Housing is one industry that probably generates more statistics than Major League Baseball. The whole business of tracking and forecasting housing figures has become a cottage industry unto itself. Yet with all that analysis available, it's curious how the ups and downs of interest rates, home prices, and housing starts continue to dominate mainstream media while the real, untold story unfolding in America is the gap between housing demand and the increasing shortfall of supply.
A new housing forecast prepared for the California Building Industry Association by NAHB vice president Michael Carliner puts the situation into clear perspective.
On the surface, the forecast bears good economic news for Governor Schwarzenegger and the state of California. Continued demand for new housing, together with low-interest rates, are expected to induce builders to start building 193,000 new homes and apartments this year—the most California has seen since 1989. And despite expectations that interest rates will rise, the forecast for 2005 looks almost as promising as 2004, with builders expected to start an additional 182,000 new homes and apartments.
The problem is that California's population is growing by an average 600,000 people a year. That translates into a need for 230,000 new homes, or about 20 percent more than builders are in a position to provide, say state officials. And that's just this year. Developer fees and restrictive land controls have choked the supply of new homes for years. As a result, Californians need 1 million more new homes and apartments than are available, according to CBIA and state estimates. The imbalance between supply and demand has caused land and housing costs to skyrocket, which only compounds the problem.
Governor Schwarzenegger and state legislators in Sacramento don't have to look far to see what's happening. The average cost of a lot in the Sacramento area “has shot up in recent years from $20,000 to $150,000,” says CBIA president Sherm Harmer. “And when you add $30,000 to $50,000 in so-called ‘developer fees'—hidden taxes levied by cities and counties that are ultimately paid by home buyers—the cost of a new home can be $200,000 before the slab is even poured.”
Of course, the law of supply and demand doesn't end at the state line. People can—and increasingly will have to—look elsewhere. The trouble is that a growing population of prospective, and even middle-class, homeowners are running into the same situation across the country.
And that's the sobering point of the CBIA's report. “If we do not provide enough housing to house the main stream of our workforce,” says Harmer, “we will soon start to lose jobs and undermine the stability of our economy.” How long will it be before high-income producing states such as New Jersey and Massachusetts—where new home building remains severely constrained—must reckon with a similar fate?

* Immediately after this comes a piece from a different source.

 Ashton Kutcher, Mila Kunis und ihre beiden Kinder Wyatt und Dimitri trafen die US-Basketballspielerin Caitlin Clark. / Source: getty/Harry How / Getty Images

Indeed, analysts who keep pointing to the rise in home prices, worrying about risks of a housing bubble, are missing the fundamental problem. The real concern should be the massive number of kinks in the housing supply pipeline inflicted by municipal, county, and state officials. Those kinks are effectively rupturing the nation's ability of affordable homes.
The solution isn't to subsidize affordable housing by charging builders onerous fees. That just drives up home prices. Nor does the solution lie in ever-more creative mortgage finance packages. Those programs help, but they are more a bandage in dealing with demand than a remedy for supply.

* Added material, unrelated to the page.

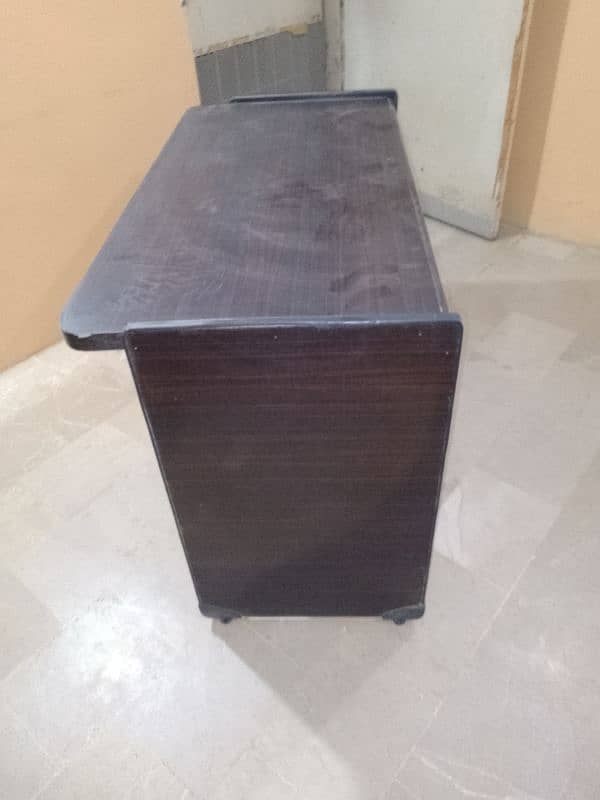 slightly used table in good condition 1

One place to start would be for more communities to band together to study the true underpinnings of their regional economies and how housing fits in the equation. A great example is the recent work published by The Rauch Foundation of Garden City, N.Y., called “Long Island Index 2004” (www.longislandindex.org).
Another approach would be for municipal groups to engage builders more effectively at the planning table. Sure, builders need to make a profit. But they can also bring a wealth of creative ideas and approaches to the challenge of supplying more affordable housing.
So long as builders are constrained from keeping up with the demand for housing, millions of hard working Americans—and very likely our children—will continue to find the first rung on the ladder of homeownership rising increasingly beyond their reach.